**TASK INSTRUCTIONS**: After locating the line with "animated colorful decoration", retype it and every later line exactly, stopping at the end of the records.

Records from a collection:
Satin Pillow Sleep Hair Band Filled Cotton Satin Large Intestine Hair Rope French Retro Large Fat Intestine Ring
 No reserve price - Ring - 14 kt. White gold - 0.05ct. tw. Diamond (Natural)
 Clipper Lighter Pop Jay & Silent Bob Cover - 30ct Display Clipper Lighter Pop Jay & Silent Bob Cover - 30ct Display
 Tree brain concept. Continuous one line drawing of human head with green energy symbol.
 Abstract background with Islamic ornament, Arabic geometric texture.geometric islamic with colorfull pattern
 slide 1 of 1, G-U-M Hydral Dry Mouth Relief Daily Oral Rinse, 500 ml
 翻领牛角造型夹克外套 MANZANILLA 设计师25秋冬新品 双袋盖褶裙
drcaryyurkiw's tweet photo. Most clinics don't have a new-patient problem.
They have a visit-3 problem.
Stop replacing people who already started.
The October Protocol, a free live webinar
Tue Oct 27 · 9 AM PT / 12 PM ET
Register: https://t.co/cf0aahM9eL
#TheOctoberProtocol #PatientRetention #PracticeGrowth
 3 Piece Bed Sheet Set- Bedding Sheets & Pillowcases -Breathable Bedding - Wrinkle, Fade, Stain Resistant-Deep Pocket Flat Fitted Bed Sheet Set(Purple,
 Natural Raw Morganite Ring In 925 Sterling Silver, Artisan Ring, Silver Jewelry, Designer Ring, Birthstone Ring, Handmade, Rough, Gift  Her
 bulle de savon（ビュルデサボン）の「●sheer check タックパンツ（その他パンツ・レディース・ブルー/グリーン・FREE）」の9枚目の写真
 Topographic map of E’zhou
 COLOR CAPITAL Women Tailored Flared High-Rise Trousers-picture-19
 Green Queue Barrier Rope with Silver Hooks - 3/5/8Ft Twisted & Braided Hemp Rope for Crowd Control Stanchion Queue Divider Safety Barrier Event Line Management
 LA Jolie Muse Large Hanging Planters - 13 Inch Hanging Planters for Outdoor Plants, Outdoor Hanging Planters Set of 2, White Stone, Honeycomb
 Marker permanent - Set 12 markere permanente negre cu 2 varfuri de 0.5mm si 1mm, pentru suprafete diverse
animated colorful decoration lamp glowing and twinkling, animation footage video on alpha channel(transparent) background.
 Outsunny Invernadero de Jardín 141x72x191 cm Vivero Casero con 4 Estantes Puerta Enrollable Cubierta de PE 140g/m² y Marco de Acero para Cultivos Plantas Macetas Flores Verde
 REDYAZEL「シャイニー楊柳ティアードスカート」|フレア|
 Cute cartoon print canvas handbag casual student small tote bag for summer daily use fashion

**TASK RESULT**:
animated colorful decoration lamp glowing and twinkling, animation footage video on alpha channel(transparent) background.
 Outsunny Invernadero de Jardín 141x72x191 cm Vivero Casero con 4 Estantes Puerta Enrollable Cubierta de PE 140g/m² y Marco de Acero para Cultivos Plantas Macetas Flores Verde
 REDYAZEL「シャイニー楊柳ティアードスカート」|フレア|
 Cute cartoon print canvas handbag casual student small tote bag for summer daily use fashion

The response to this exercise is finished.